■ MATERIAL PROVIDED:
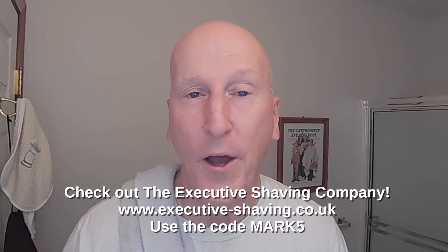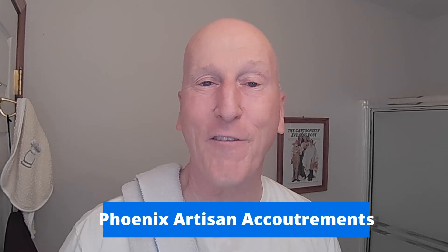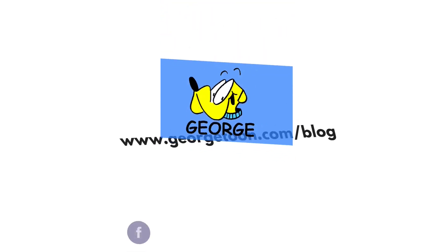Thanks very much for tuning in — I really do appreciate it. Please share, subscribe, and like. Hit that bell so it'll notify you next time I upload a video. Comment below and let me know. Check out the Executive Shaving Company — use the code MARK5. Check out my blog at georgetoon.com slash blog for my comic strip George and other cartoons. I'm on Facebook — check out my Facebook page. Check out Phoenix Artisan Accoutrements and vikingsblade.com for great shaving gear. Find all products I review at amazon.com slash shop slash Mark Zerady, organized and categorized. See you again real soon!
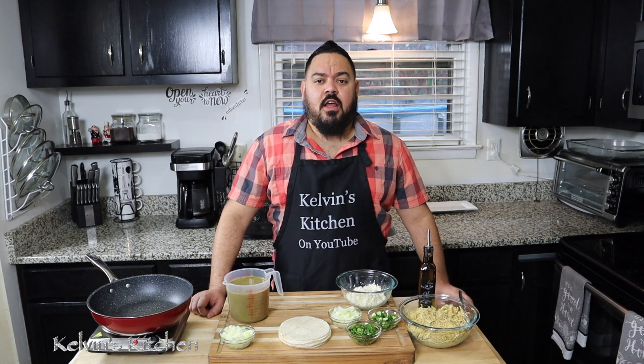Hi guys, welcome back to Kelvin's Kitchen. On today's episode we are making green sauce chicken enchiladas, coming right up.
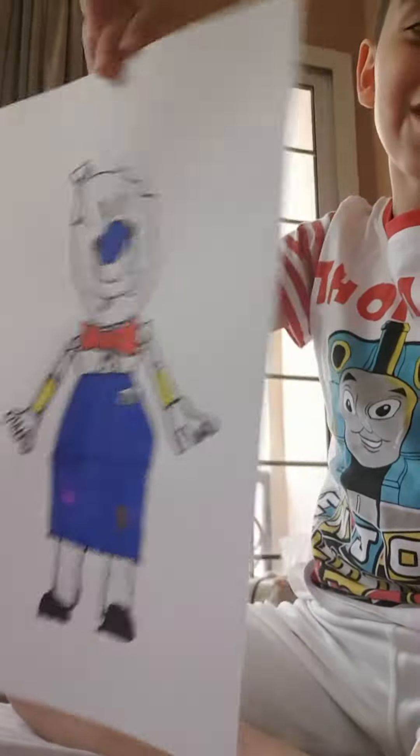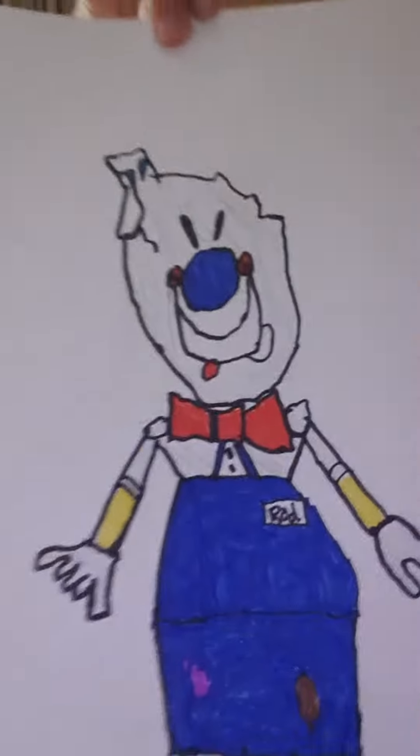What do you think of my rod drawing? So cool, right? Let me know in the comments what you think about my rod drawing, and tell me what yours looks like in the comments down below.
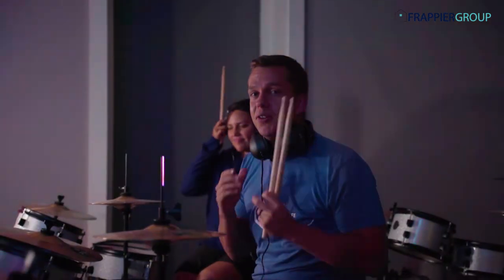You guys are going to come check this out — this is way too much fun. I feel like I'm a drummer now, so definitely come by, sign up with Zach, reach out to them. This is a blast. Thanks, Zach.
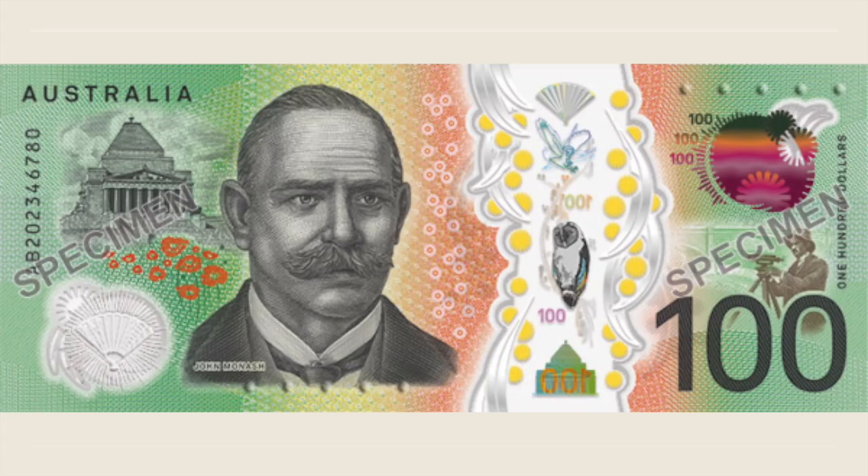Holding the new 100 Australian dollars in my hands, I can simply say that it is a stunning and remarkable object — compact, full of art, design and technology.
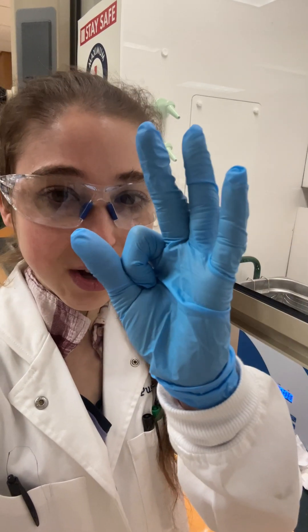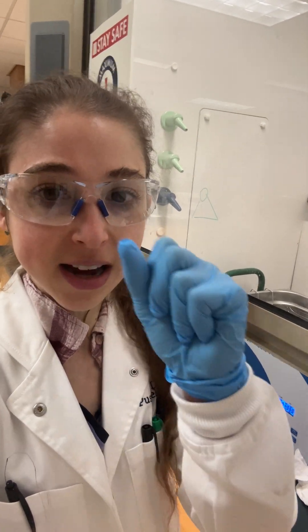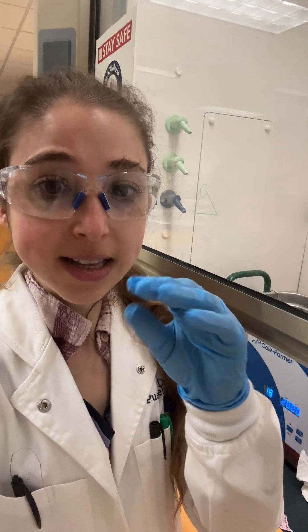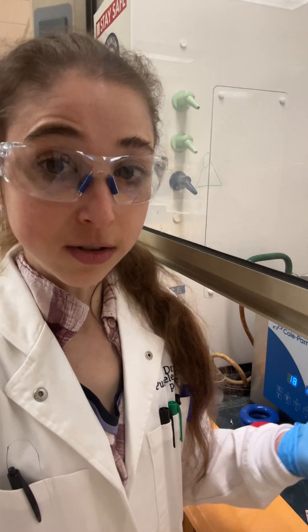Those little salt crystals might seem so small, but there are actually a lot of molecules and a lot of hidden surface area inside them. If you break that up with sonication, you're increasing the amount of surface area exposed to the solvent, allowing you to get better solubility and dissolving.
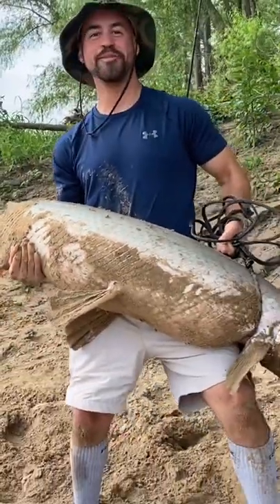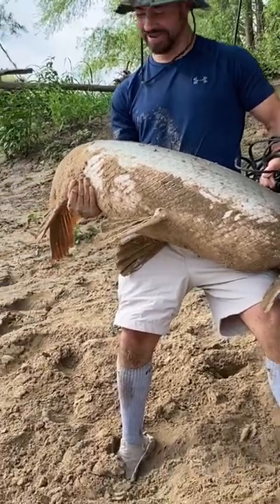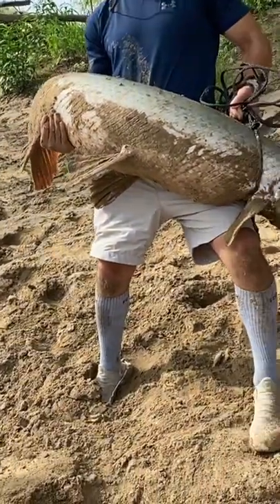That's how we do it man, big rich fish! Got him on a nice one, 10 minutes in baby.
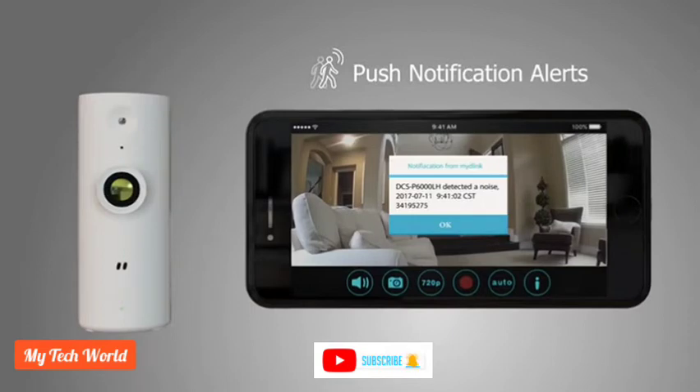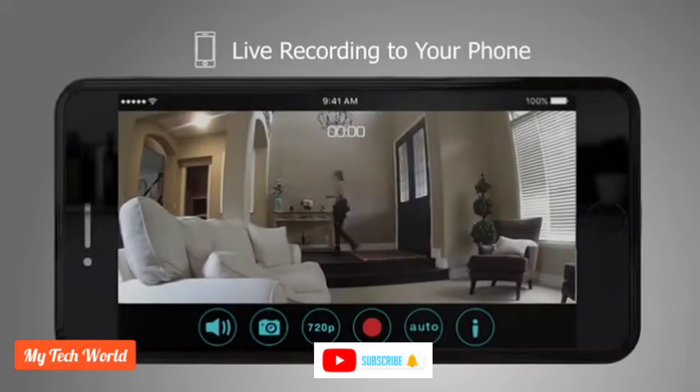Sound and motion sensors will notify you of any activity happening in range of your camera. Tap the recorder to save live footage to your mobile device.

■ WHAT IS NEEDED: Output precisely the lines in the material above from the line containing "You guys are" through its last line, and omit pictures.

■ RESPONSE AREA:
You guys are going to come check this out — this is way too much fun. I feel like I'm a drummer now, so definitely come by, sign up with Zach, reach out to them. This is a blast. Thanks, Zach.
Holding the new 100 Australian dollars in my hands, I can simply say that it is a stunning and remarkable object — compact, full of art, design and technology.
Those little salt crystals might seem so small, but there are actually a lot of molecules and a lot of hidden surface area inside them. If you break that up with sonication, you're increasing the amount of surface area exposed to the solvent, allowing you to get better solubility and dissolving.
That's how we do it man, big rich fish! Got him on a nice one, 10 minutes in baby.
Sound and motion sensors will notify you of any activity happening in range of your camera. Tap the recorder to save live footage to your mobile device.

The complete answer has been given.